With all due respect; it's not working is it, she's asking for advice on a thread entitled 'HELP!!!!!!!!!!!!!!!'



meljayne said:


> Seriously what is with this thread she asked for help on mites and got ripped to shreads on housing two beardies together.. Another fine example of the way rfuk is going lately. All you lot want to wind your neck in
> 
> Hun i keep my beardies together so do what you like with them  if they do have mites look on the internet for ardap spray, take the beardies out of the vivarium once you've got them out of the vivarium, clean it all thouroughly, fresh paper on the bottom spray sides back and floor with ardap, close the glass (dont inhale the spray!!) let it all settled then plonk the beardies back in after 10 mins  it works for 6 weeks so if they DO turn out to have mites this will clear them up  x


The female is gravid and the keeper doesn't sound the most knowledgable ever, I don't see that anyone flamed her at all until she retorted to advice with 'I will do what I like thank you' comments... I am also interested know what you mean by pining, OP, what do they actually do?


----------



## meljayne (Nov 11, 2011)

mstypical said:


> With all due respect; it's not working is it, she's asking for advice on a thread entitled 'HELP!!!!!!!!!!!!!!!'
> 
> 
> 
> The female is gravid and the keeper doesn't sound the most knowledgable ever, I don't see that anyone flamed her at all until she retorted to advice with 'I will do what I like thank you' comments... I am also interested know what you mean by pining, OP, what do they actually do?




She is asking for help on mites.. Anyway im wont be replying again and getting anymore involved in this thread.. Sick of keyboard warriors on rfuk.


----------



## mstypical (Feb 16, 2011)

meljayne said:


> She is asking for help on mites.. Anyway im wont be replying again and getting anymore involved in this thread.. Sick of keyboard warriors on rfuk.


Keyboard warriors?
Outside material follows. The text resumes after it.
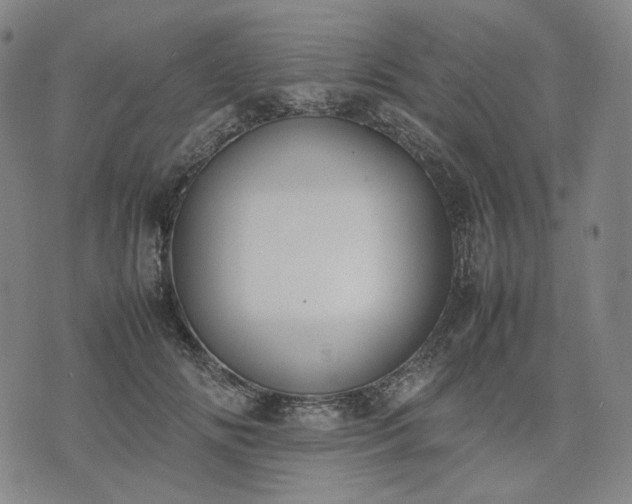 X0000074310702200609011512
If you mean me you're massively mistaken, I come on the newbie section to help, which you'd know if you recognised my name around the forum. What I don't take kindly to is when someone is offered advice, which is what they asked for, and reply along the lines of 'thanks but no thanks, I know best anyway'. I agree while she is gravid she should be separated from the male, particularly if the eggs are going to be incubated, to avoid stress for her during this time.

Edit - And the problem doesn't sound like mites, do you suggest we simply say 'it's not mites' and leave it at that?


----------



## meljayne (Nov 11, 2011)

mstypical said:


> Keyboard warriors? If you mean me you're massively mistaken, I come on the newbie section to help, which you'd know if you recognised my name around the forum. What I don't take kindly to is when someone is offered advice, which is what they asked for, and reply along the lines of 'thanks but no thanks, I know best anyway'. I agree while she is gravid she should be separated from the male, particularly if the eggs are going to be incubated, to avoid stress for her during this time.
> 
> Edit - And the problem doesn't sound like mites, do you suggest we simply say 'it's not mites' and leave it at that?
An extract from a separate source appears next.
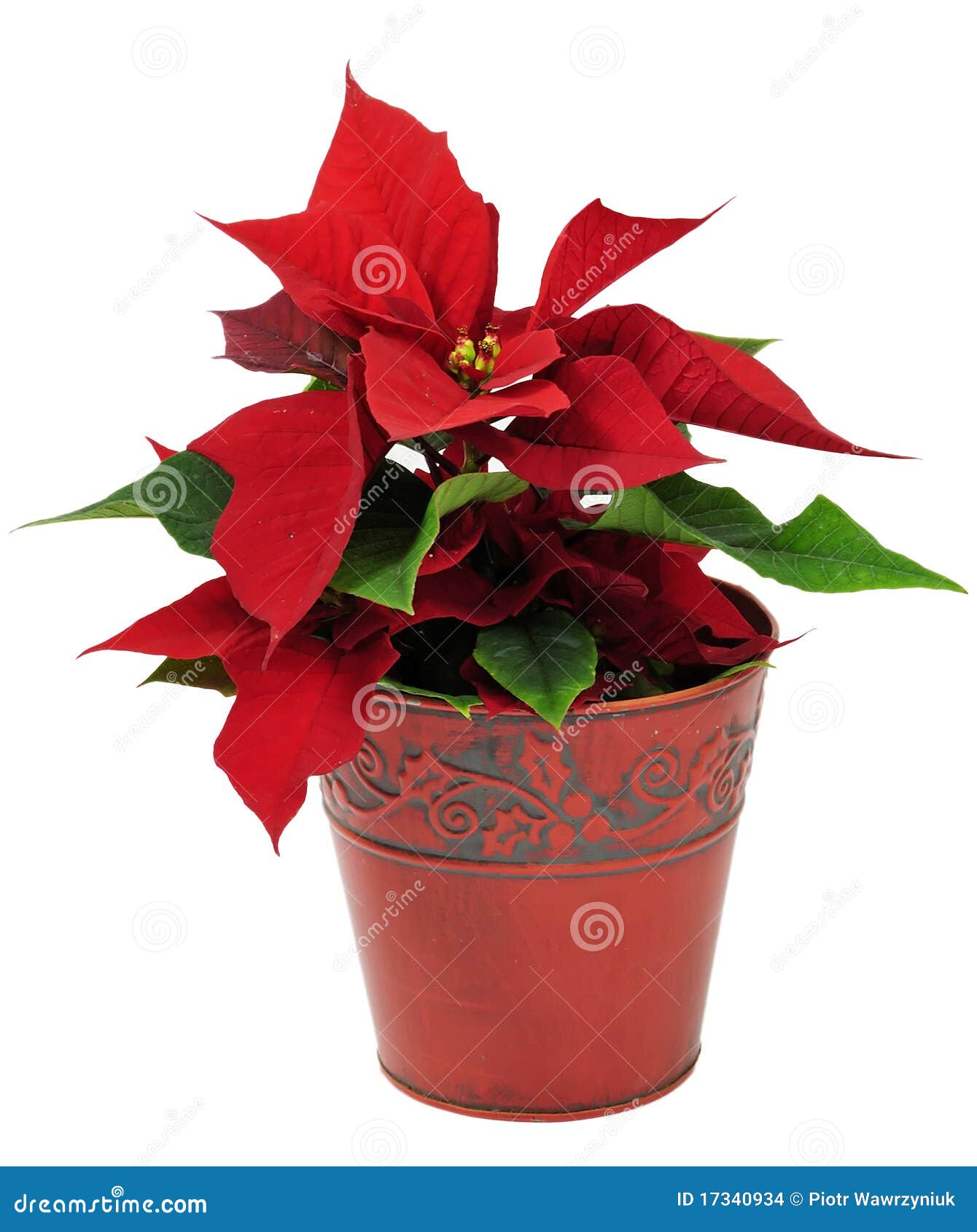 Fleur Traditionnelle De Noël Photo stock - Image du étoile, symbole:  17340934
I wasn't on about you lol, i meant the people above when they decide to react like a keyboard warrior, no i know its not mites, it coukd have been anything, specs of dirt that have come away post shed, unless there is cause for concern ie not eating, lethargic etc i would have said yeah its not mites leave it at that


----------



## misstiggins (Jun 9, 2011)

no one can help it if they buy a reptile and are given bad advice.

I hate how nasty people can be on this forum. No professional i ever have talked to or bought off of has been nasty or rude when giving advice or explaining how i could be doing something better.

How are snide/malicious comments going to help someone understand their mistakes or make them improve? Reagrdless of your own beliefs, you wouldnt be that awful to comeone offline, so talk to people with repsect online.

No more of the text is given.